----- Data section

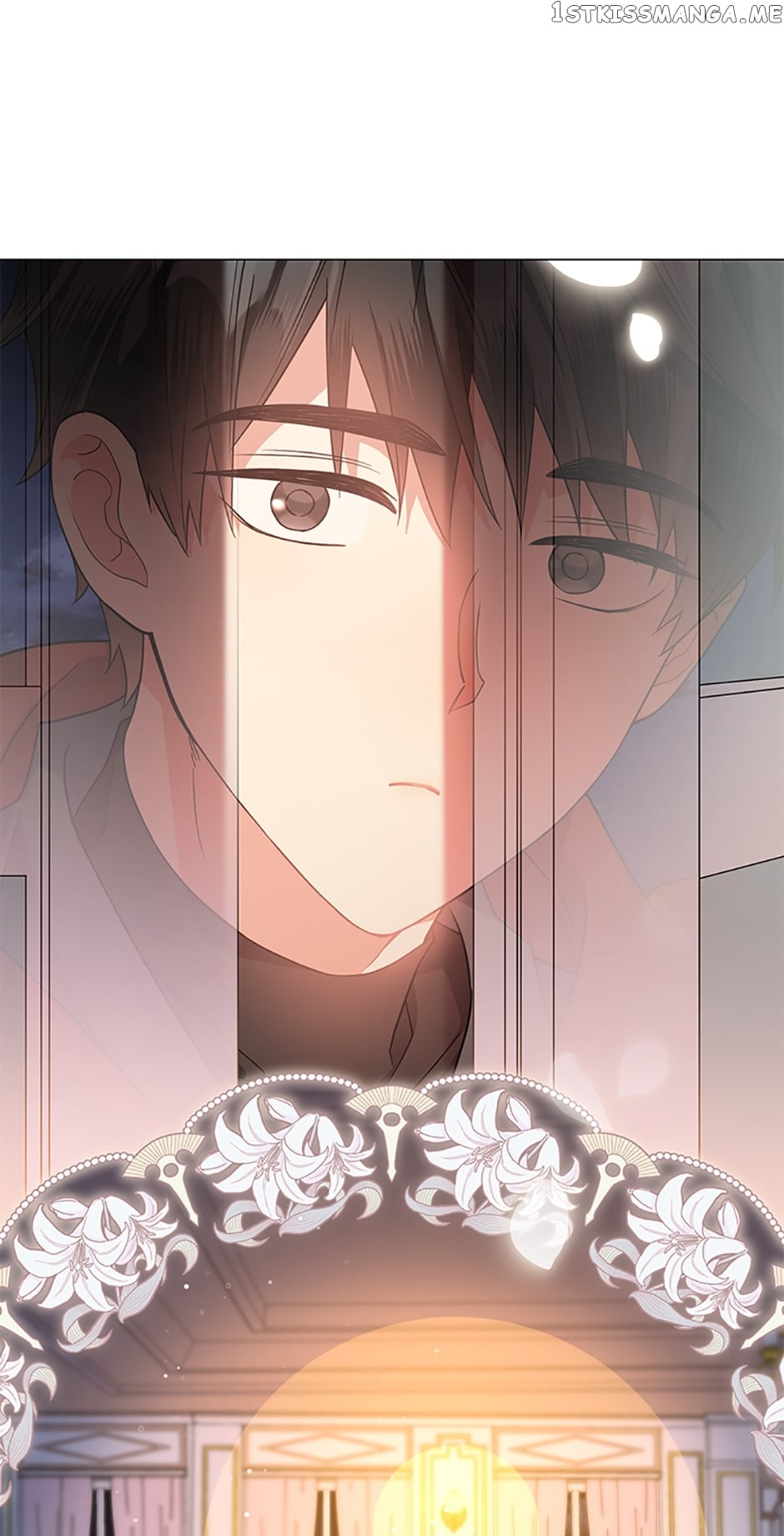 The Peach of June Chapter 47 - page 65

----------
----- Data section

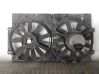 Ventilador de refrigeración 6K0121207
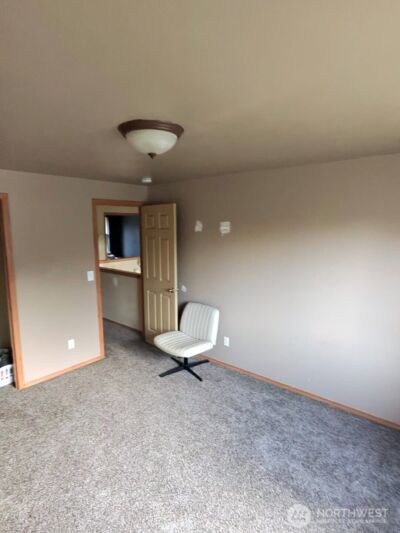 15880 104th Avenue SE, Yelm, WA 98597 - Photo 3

----------

- [Exercise brief]
Beginning with the line above that has "Ventilador de refrigeración 6K0121207" and going on through the line that has "15880 104th Avenue", retype every line exactly and add nothing else; drop the pictures.

- [Solution to the problem]
 Ventilador de refrigeración 6K0121207
 15880 104th Avenue SE, Yelm, WA 98597 - Photo 3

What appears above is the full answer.